[AVAILABLE DATA Boundary: Start]

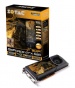 Zotac Geforce GTX 580 - 
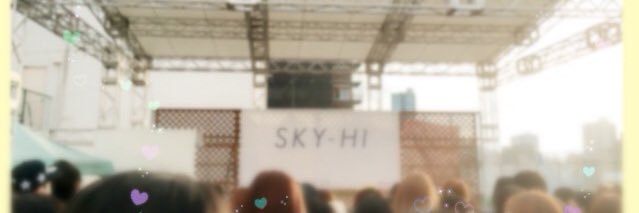 ℳ. banner
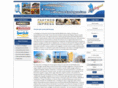 laregionesardegna.com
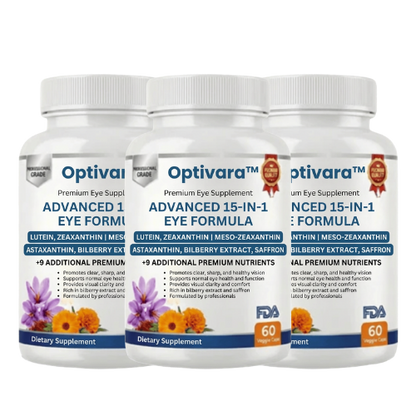 Optivara™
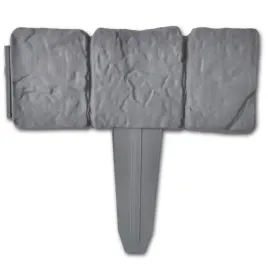 obrzeze-trawnikowe-plastikowe-szare-stylizowane-na-kamien-25x225-cm-1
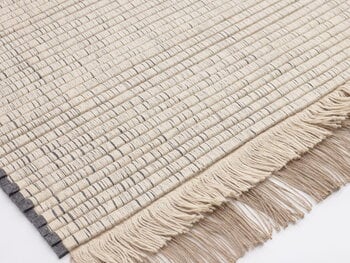 cc-tapis Omote Fuyu matto, dark, tuotteen lisäkuva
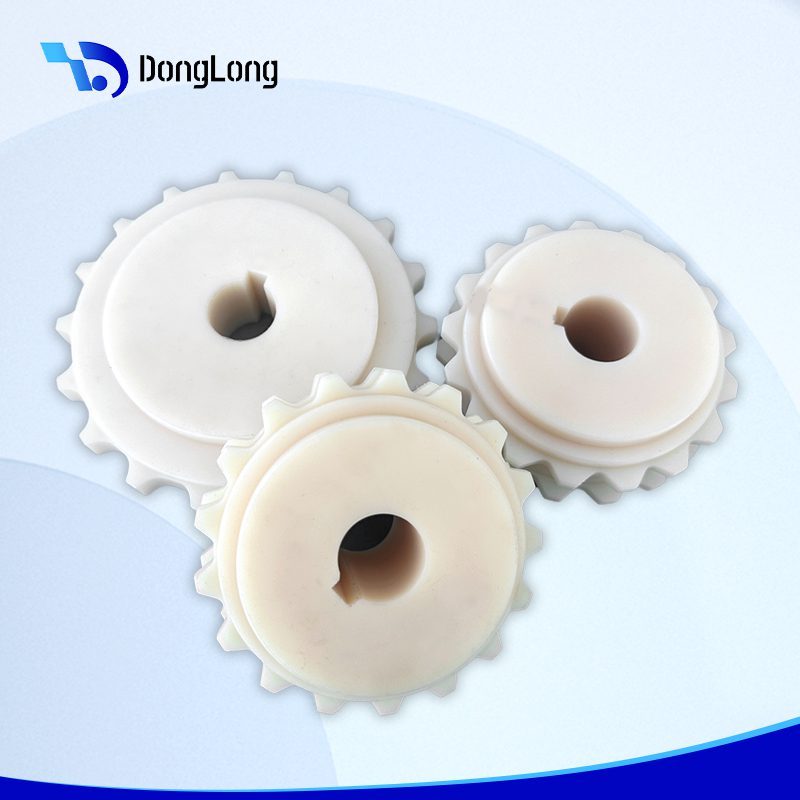 Sprocket - Conveyor Parts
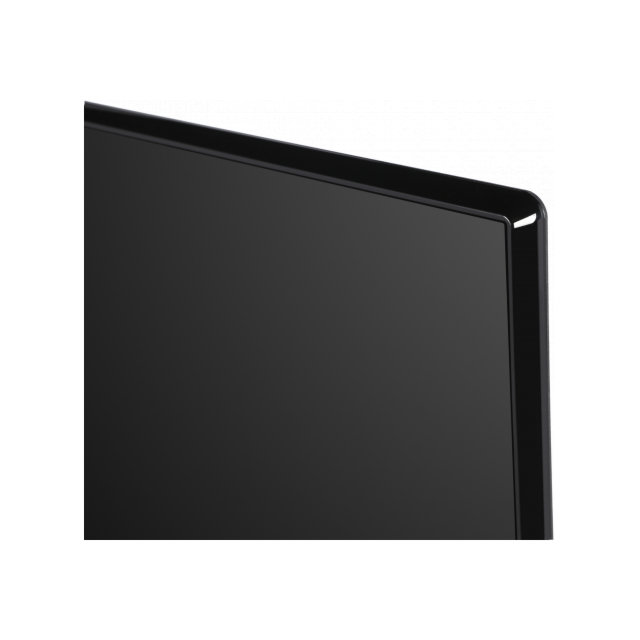 Toshiba 32WV3553DB 32' 1080p Full HD Smart LED TV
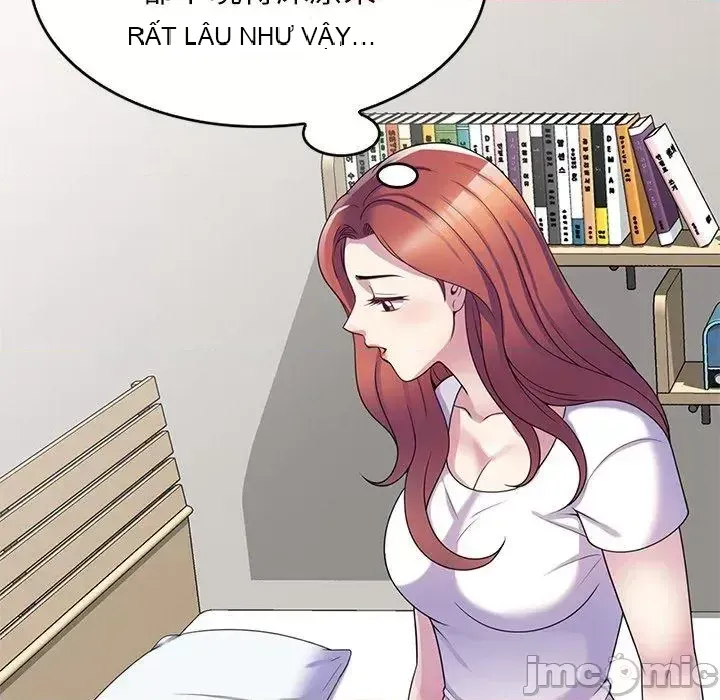 Vợ tôi là một giáo viên/Đừng gọi tôi là giáo viên Chương 1-27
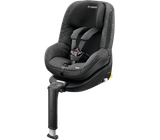 Maxi-Cosi 2waypearl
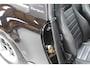 Porsche 911 3.0 Carrera Targa Matching | Herritage certificaat | Original 3.0 1150 stuks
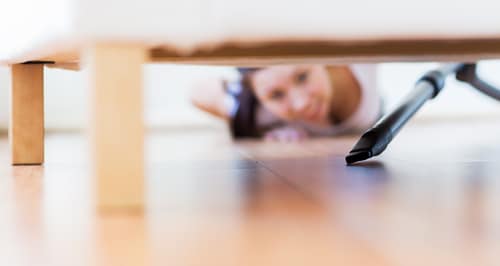 which-company-in-albuquerque-provides-customized-cleaning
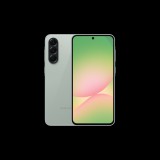 Samsung A566B GALAXY A56 5G (8GB/128GB), AWESOME OLIVE (SM-A566BZGAEUE)
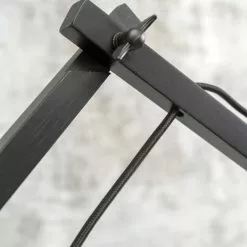 Good & Mojo Appliques Murales Et Spots Applique En Bambou Noir 3 Bras L105cm 11 Good & Mojo Appliques Murales Et Spots Applique En Bambou Noir 3 Bras L105cm -Luminaires Soldes Boutique applique en bambou noir 3 bras l105cm 5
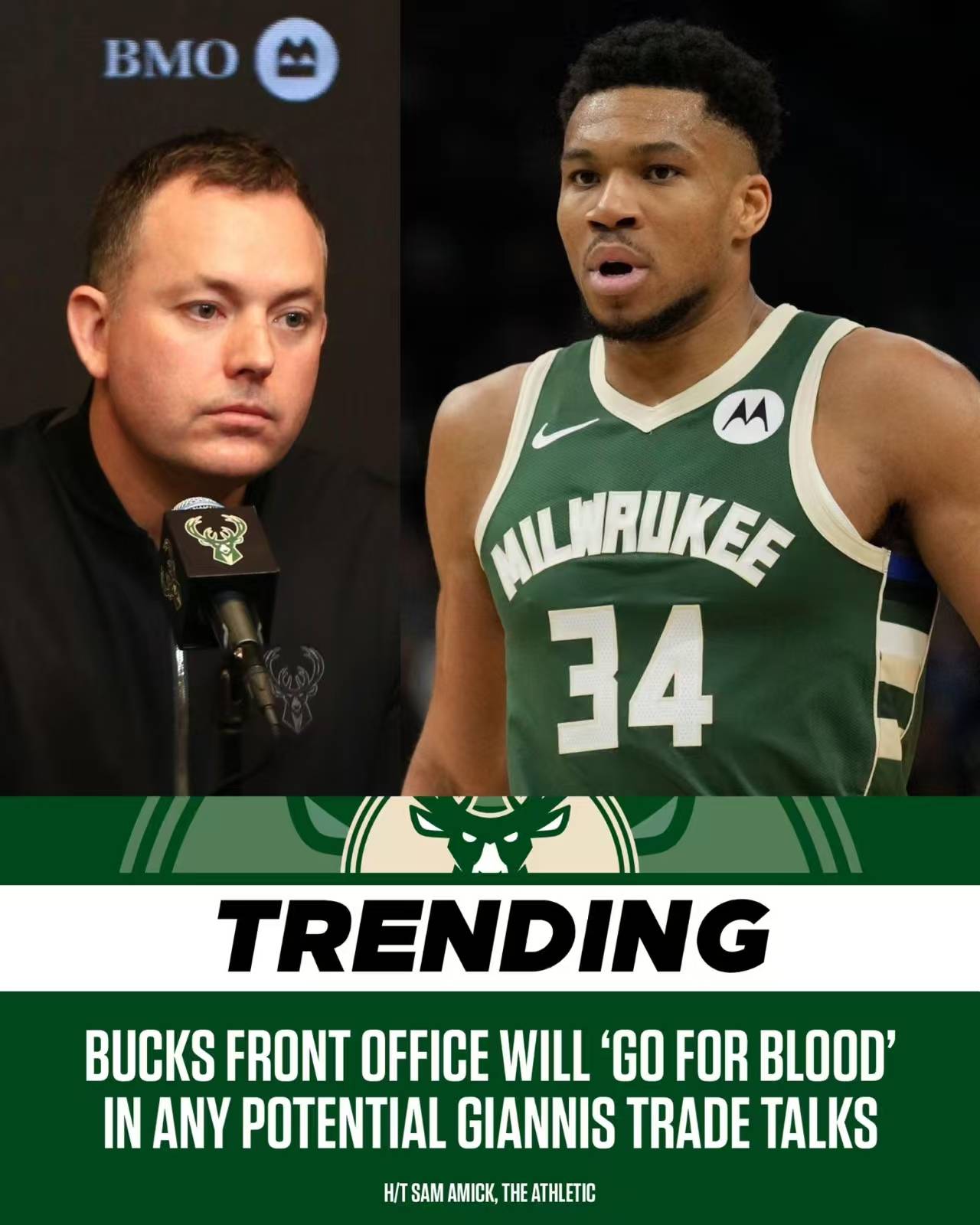 关于勇士狂砍字母哥分，爆发新星迎来新赛季高光！的信息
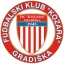 Kozara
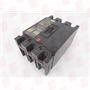 EATON CORPORATION FC3100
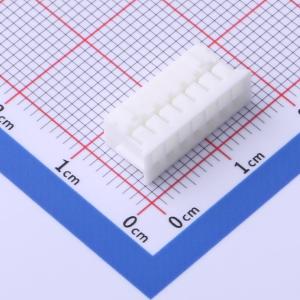 FHG20003-D14M2W1B商品缩略图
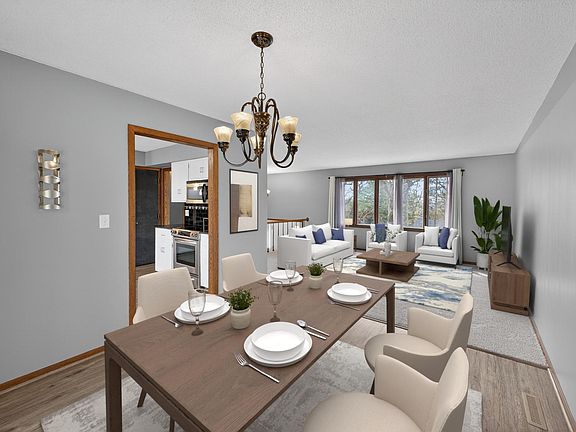 5th image of 641 20th St NE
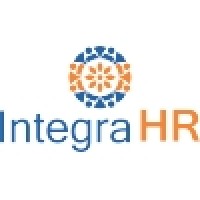 Integra HR, LLC Logo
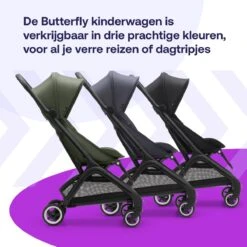 Bugaboo Butterfly Midnight Black - Buggy 12 Bugaboo Butterfly Midnight Black - Buggy -Babyproducten Winkel 1200x1200 1121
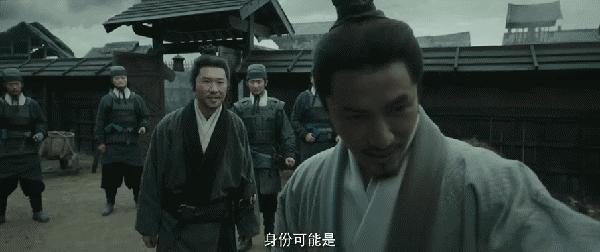 近十年最好看的十部国产剧,最值得看的十部国产剧推荐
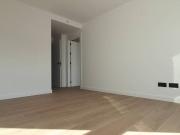 Piso en Venta en Zaragoza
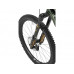 Електровелосипед MONDRAKER ZENDIT RR S 29/27.5'' 170mm, DJI Avinox M2S 800Wh, Hunter Green, M/L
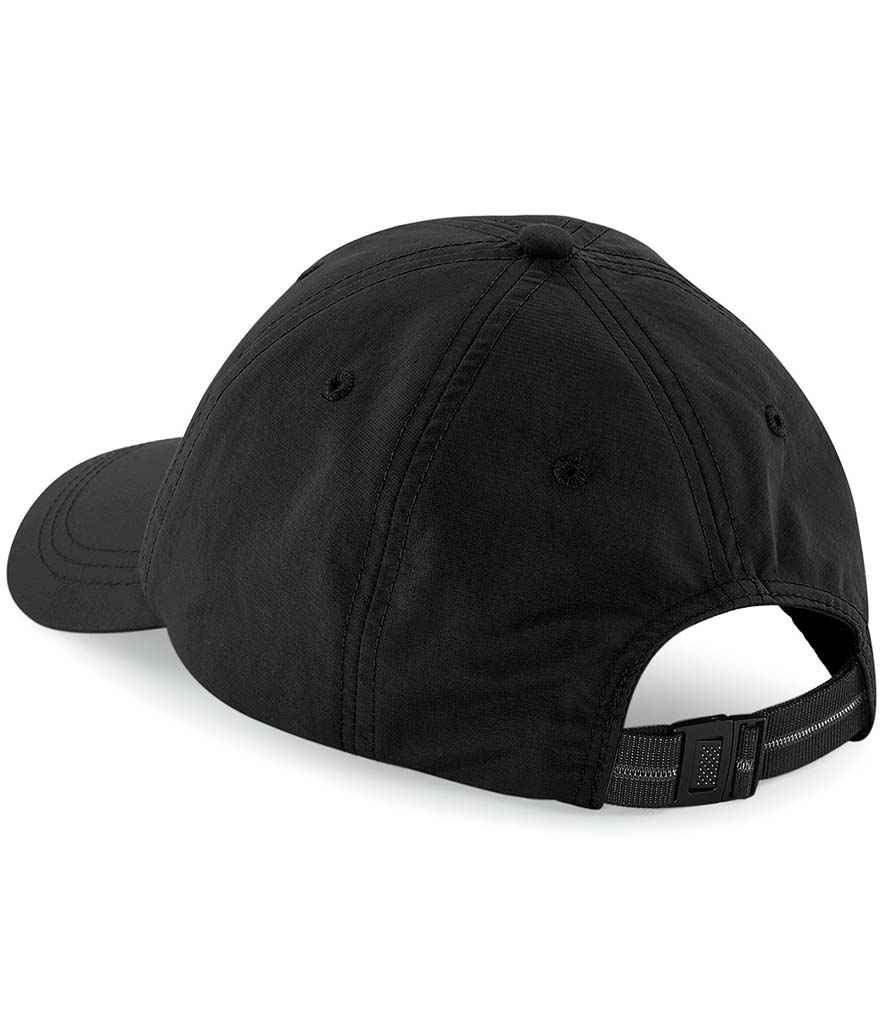 Beechfield - Outdoor 6 Panel Cap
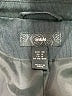 H&M Blue Blazer Size 8 - photo 3
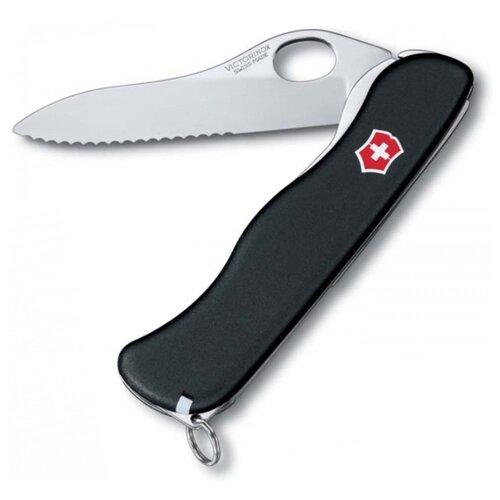 фото Нож многофункциональный victorinox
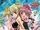 Shugo Chara! Character Song Album Best!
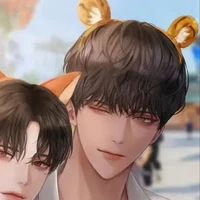 ไทเกอร์(เผ่าเสือ)
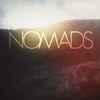 Nomads (30) - Nomads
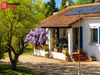 Ma-Cabane - Vente Maison LA CALMETTE, 113 m²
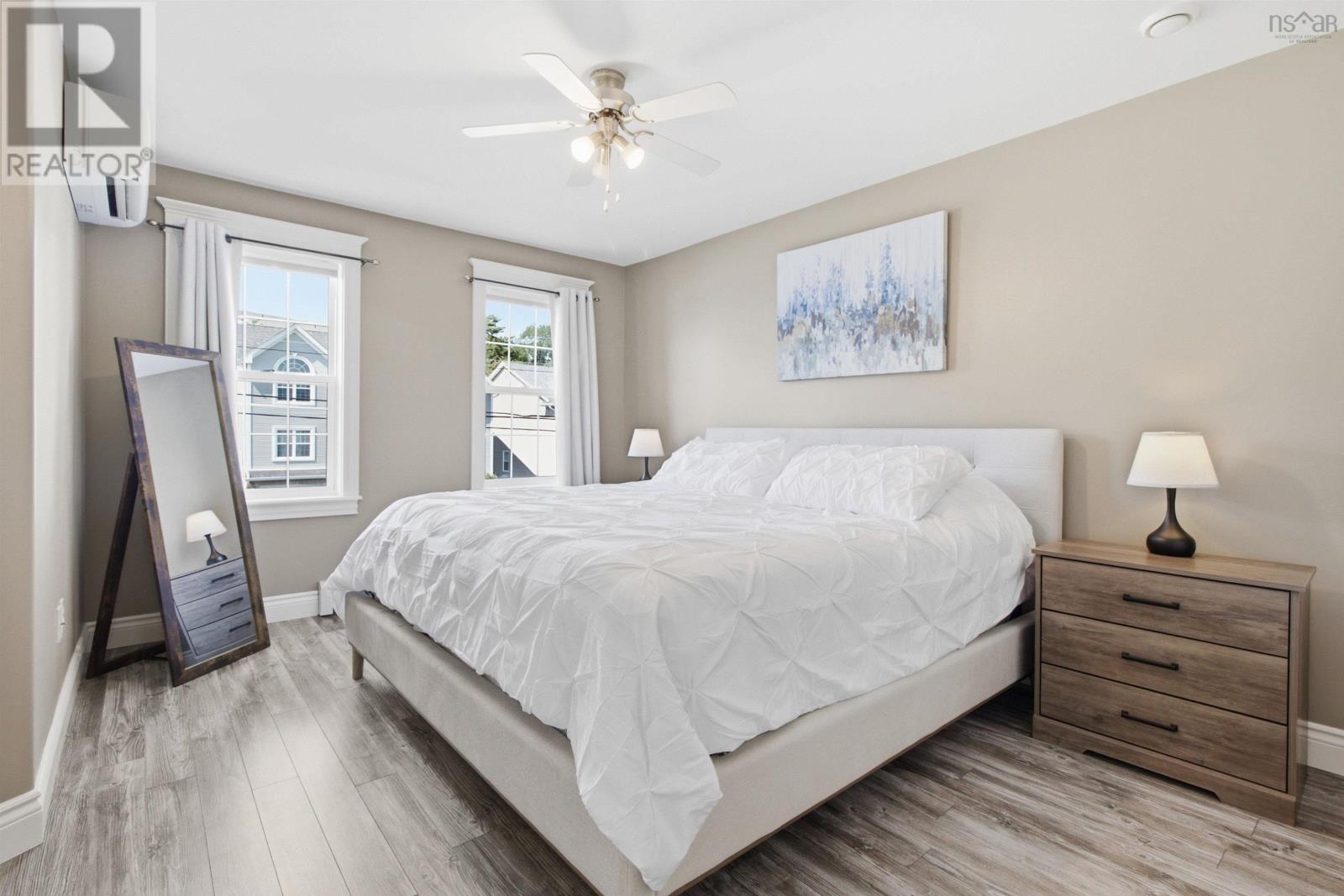 30 Outrigger Crescent, Halifax, Nova Scotia  B3M 4V8 - Photo 20 - 202620581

[AVAILABLE DATA Boundary: End]

EXERCISE OBJECTIVE:
In the entries above, find the line that contains "Samsung A566B GALAXY", then repeat exactly every line from the first one through that line, with no pictures.

SOLVED PROBLEM:
 Zotac Geforce GTX 580 - 
 ℳ. banner
 laregionesardegna.com
 Optivara™
 obrzeze-trawnikowe-plastikowe-szare-stylizowane-na-kamien-25x225-cm-1
 cc-tapis Omote Fuyu matto, dark, tuotteen lisäkuva
 Sprocket - Conveyor Parts
 Toshiba 32WV3553DB 32' 1080p Full HD Smart LED TV
 Vợ tôi là một giáo viên/Đừng gọi tôi là giáo viên Chương 1-27
 Maxi-Cosi 2waypearl
 Porsche 911 3.0 Carrera Targa Matching | Herritage certificaat | Original 3.0 1150 stuks
 which-company-in-albuquerque-provides-customized-cleaning
 Samsung A566B GALAXY A56 5G (8GB/128GB), AWESOME OLIVE (SM-A566BZGAEUE)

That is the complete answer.